ToS3MigrationError: uploads not migrated to S3, leading to broken attachments. How to fix this error?

FileStore::ToS3MigrationError: 182 of 21512 uploads are not migrated to S3. S3 migration failed for db ‘default’.

then some stack trace from ‘raise_or_log’, ‘migration_successful?’, ‘migrate_to_s3’, ‘migrate’, ‘block in migrate_to_s3_all_sites’

I ran into these errors twice when running the task uploads:migrate_to_s3 . About 1% of the files were not successfully migrated, leading to broken attachments on the site after a rebake. These all seem to be older files around the initial few months when I first created this Discourse instance.

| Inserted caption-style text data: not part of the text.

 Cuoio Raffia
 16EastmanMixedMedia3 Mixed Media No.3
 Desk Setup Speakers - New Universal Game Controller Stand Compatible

In digging into the S3 bucket, the files do seem to have been successfully uploaded to S3, they are just not linked correctly after rebaking.

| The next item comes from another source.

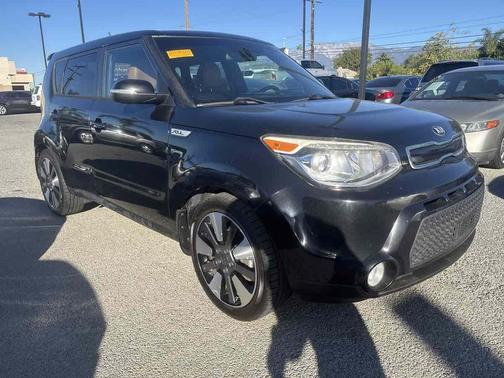 2016 Kia Soul !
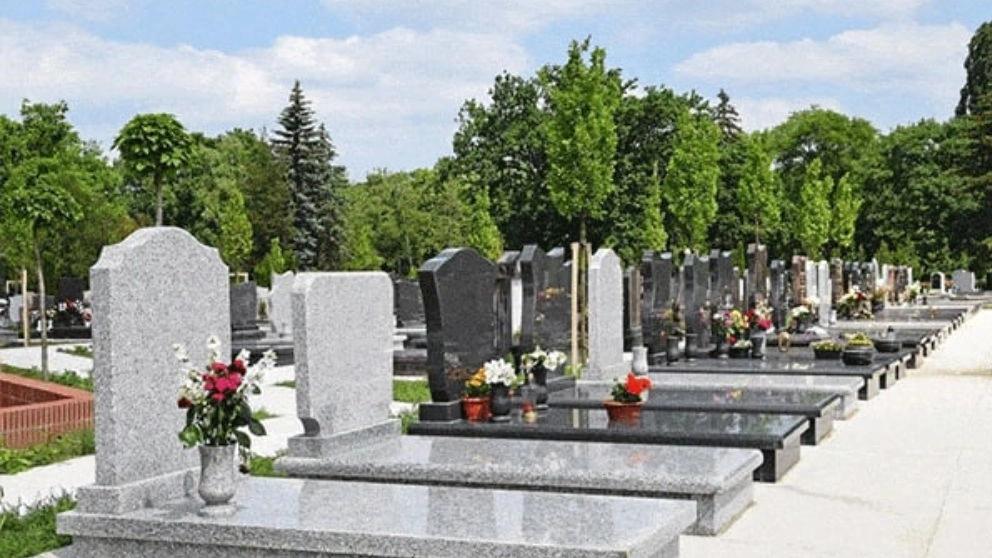 Types of tombstones and tombstones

Rerunning the migration (prior to another rebake) seems to have fixed the issue for some reason. The same error still occurs during the migrate_to_s3 task.

However, if I run rebake again, it re-breaks the attachment links.

I don’t think these are errors, but I’ll include the output during the rebake

/var/www/discourse/lib/file_store/base_store.rb:6: warning: already initialized constant FileStore::BaseStore::UPLOAD_PATH_REGEX
/var/www/discourse/lib/file_store/base_store.rb:6: warning: previously definition of UPLOAD_PATH_REGEX was here
/var/www/discourse/lib/file_store/base_store.rb:7: warning: already initialized constant FileStore::BaseStore::OPTIMIZED_IMAGE_PATH_REGEX
/var/www/discourse/lib/file_store/base_store.rb:7: warning: previous definition of OPTIMIZED_IMAGE_PATH_REGEX was here

Running rake posts:missing_uploads or PostCustomField.where(name: Post::MISSING_UPLOADS) does not surface any issues, so this seems unrelated.

My problem might be related to this issue: Migrate_to_S3 Fails on Rebake - #12 by evenif

I will see what I learn and might close this and move convo over there.

The old broken attachments/uploads show up as
[{file name}|attachment](/uploads/default/original/2X/6/{sha1 hash + extension}) in the post’s raw text. This gets cooked as href="/uploads/default/original/2X/6/{sha1 hash + extension}", which breaks file attachments, but not images.

Later working attachments appear as [{file name}|attachment](upload://{sha1 to base62 + extension}) and get cooked as href="/uploads/short-url/{sha1 to base62 + extension}.

I wrote a little ruby code to go through all the posts in the know problematic time period and replaced all the old upload urls with the newer version. I utilized the Upload model’s base62_sha1 function to convert the sha1 hash to the expected file name that discourse short urls are expecting.

This made the attachments work. Then I ran another rebake just to confirm the fix, and it seems to still be working. It seems like the problem just resided in Post.raw and didn’t have anything to do with Upload.